Start of DATASET RECORDS

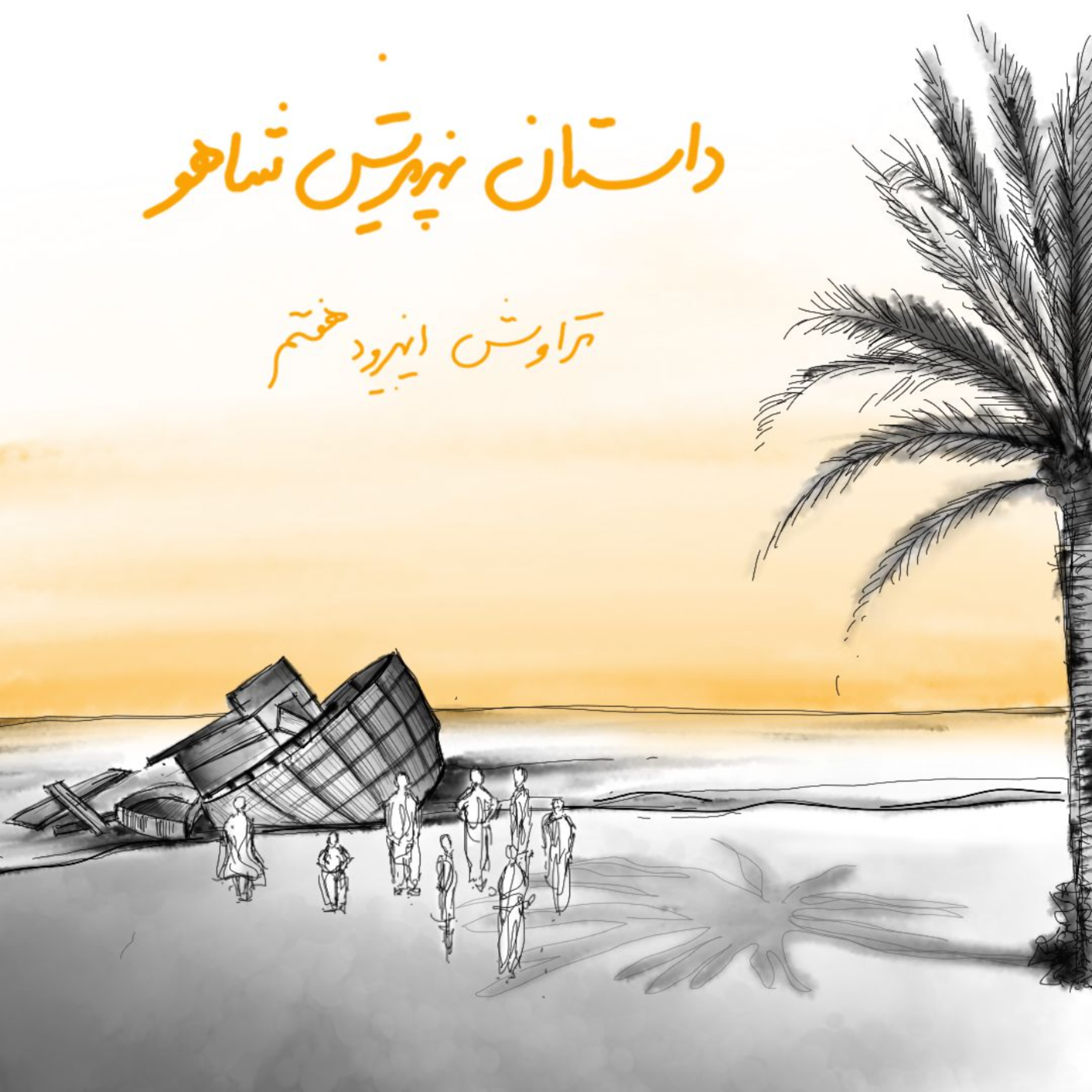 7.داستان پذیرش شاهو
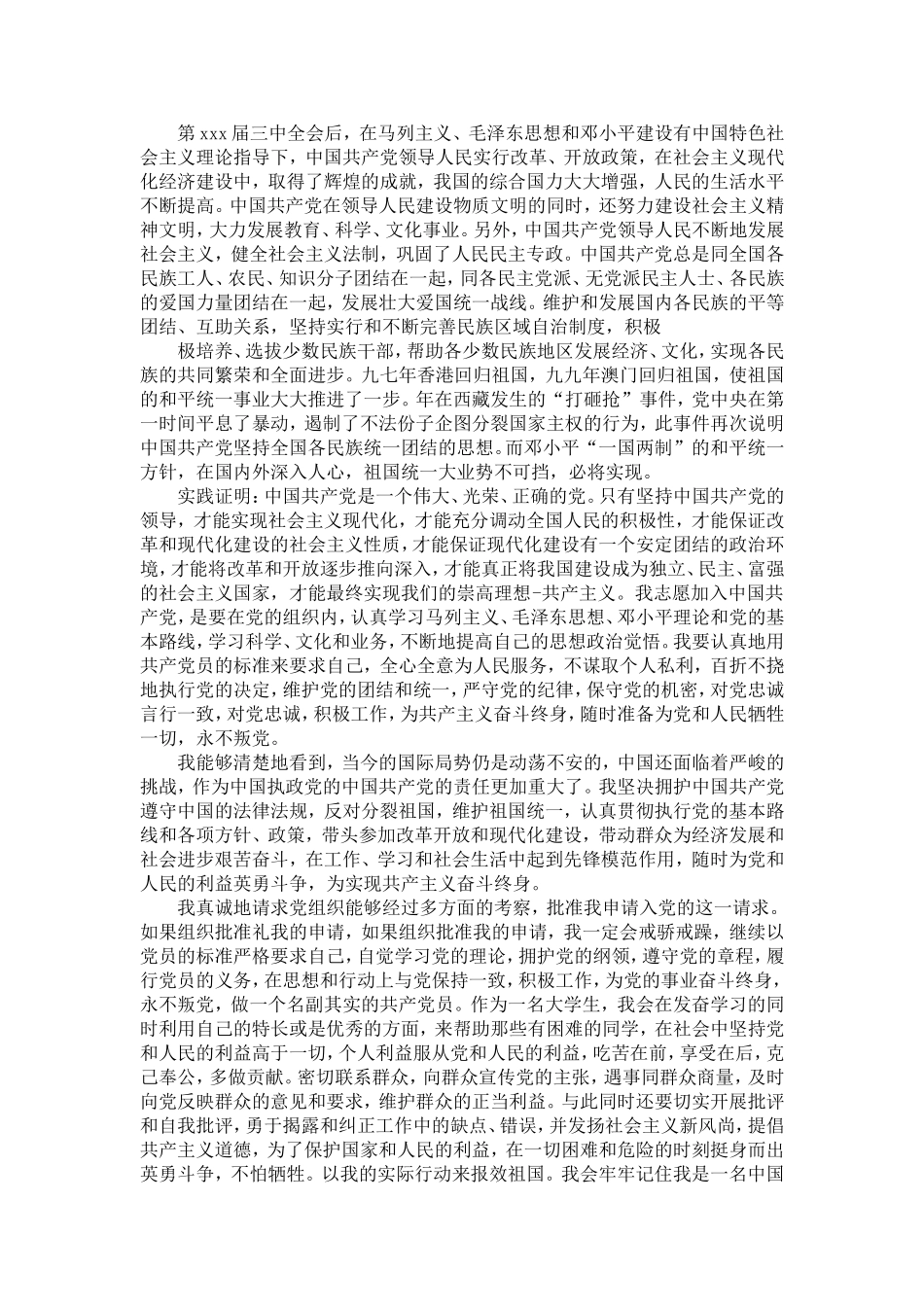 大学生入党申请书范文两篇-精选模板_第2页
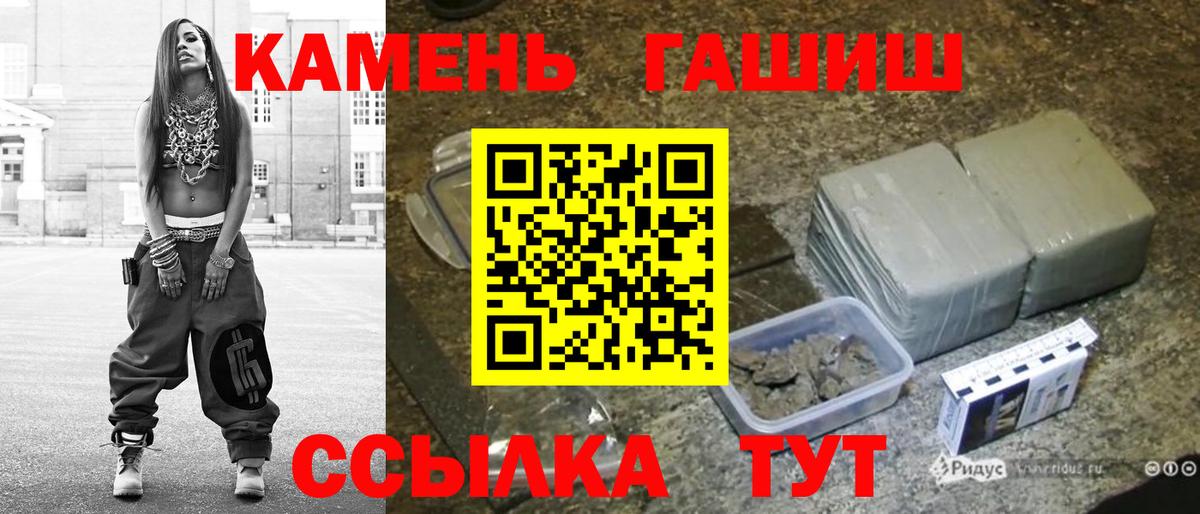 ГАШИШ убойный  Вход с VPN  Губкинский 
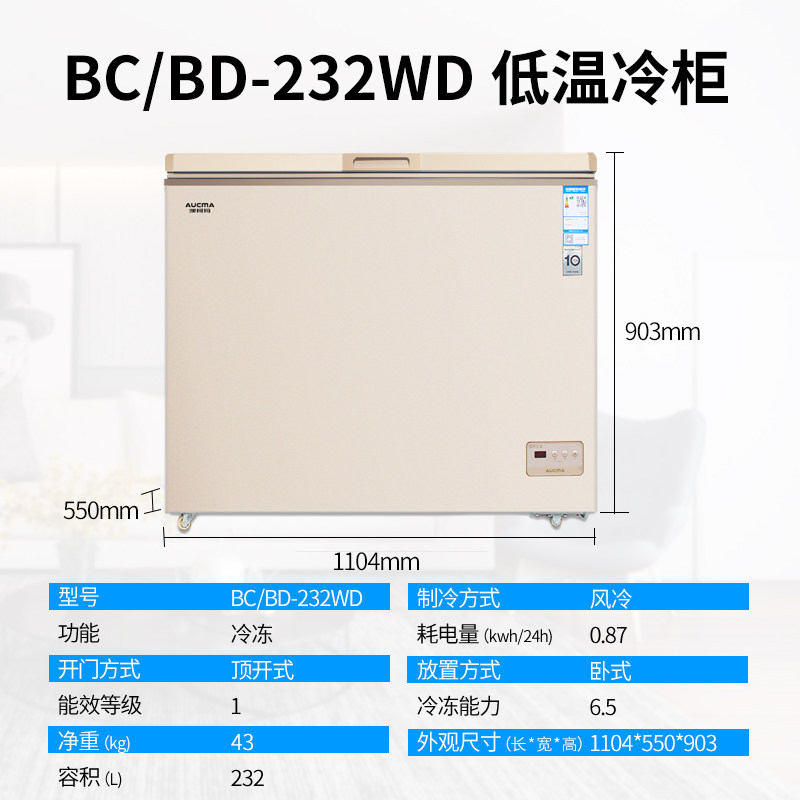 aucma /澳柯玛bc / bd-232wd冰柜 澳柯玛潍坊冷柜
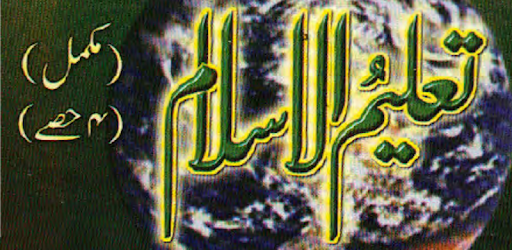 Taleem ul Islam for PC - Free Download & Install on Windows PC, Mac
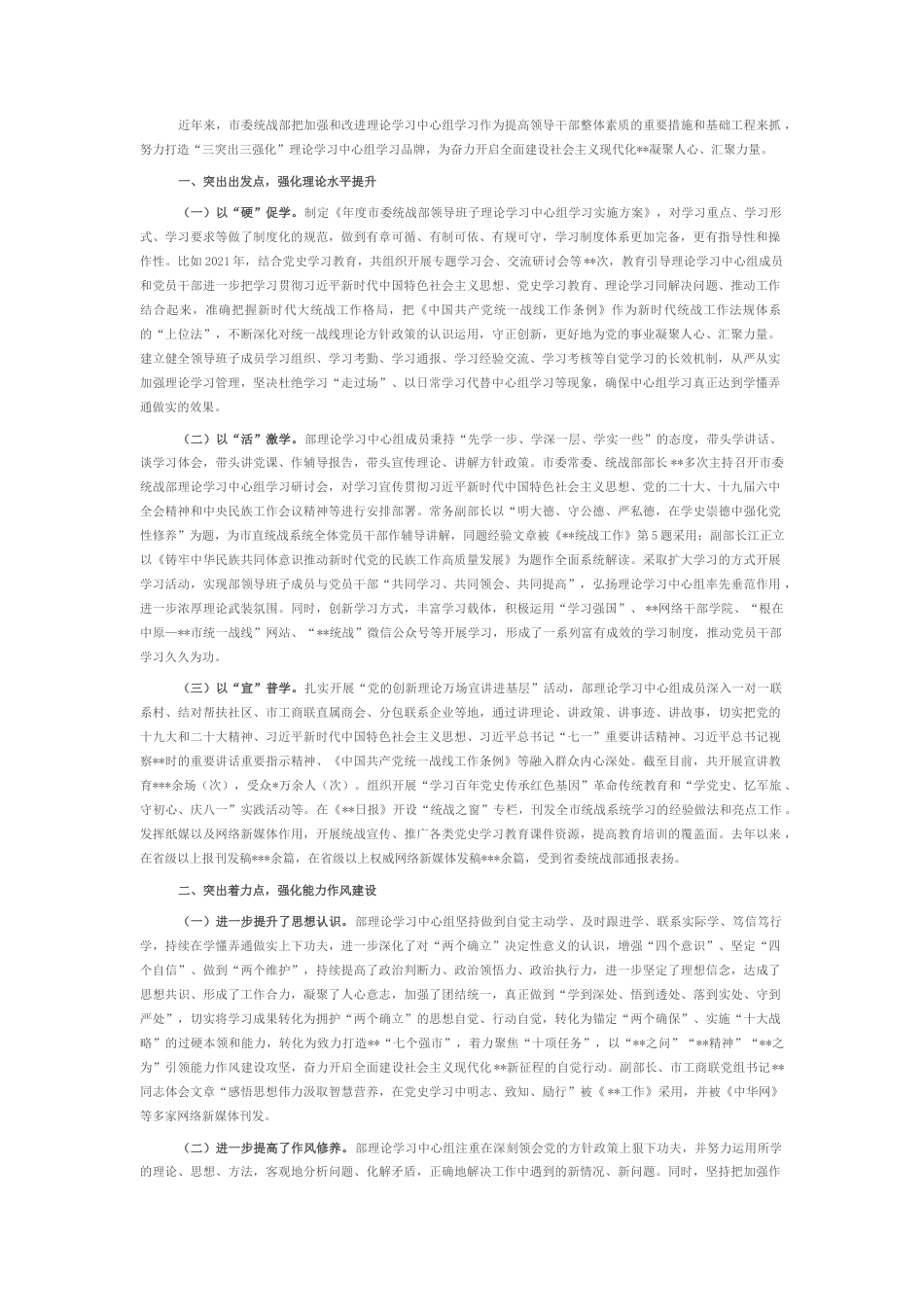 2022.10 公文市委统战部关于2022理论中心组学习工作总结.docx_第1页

End of DATASET RECORDS

- _PROMPT_
The listing above must be repeated exactly. Its pictures are not part of the copy.

- _SOLUTION TO THIS EXERCISE_
 7.داستان پذیرش شاهو
 大学生入党申请书范文两篇-精选模板_第2页
 ГАШИШ убойный  Вход с VPN  Губкинский 
 aucma /澳柯玛bc / bd-232wd冰柜 澳柯玛潍坊冷柜
 Taleem ul Islam for PC - Free Download & Install on Windows PC, Mac
 2022.10 公文市委统战部关于2022理论中心组学习工作总结.docx_第1页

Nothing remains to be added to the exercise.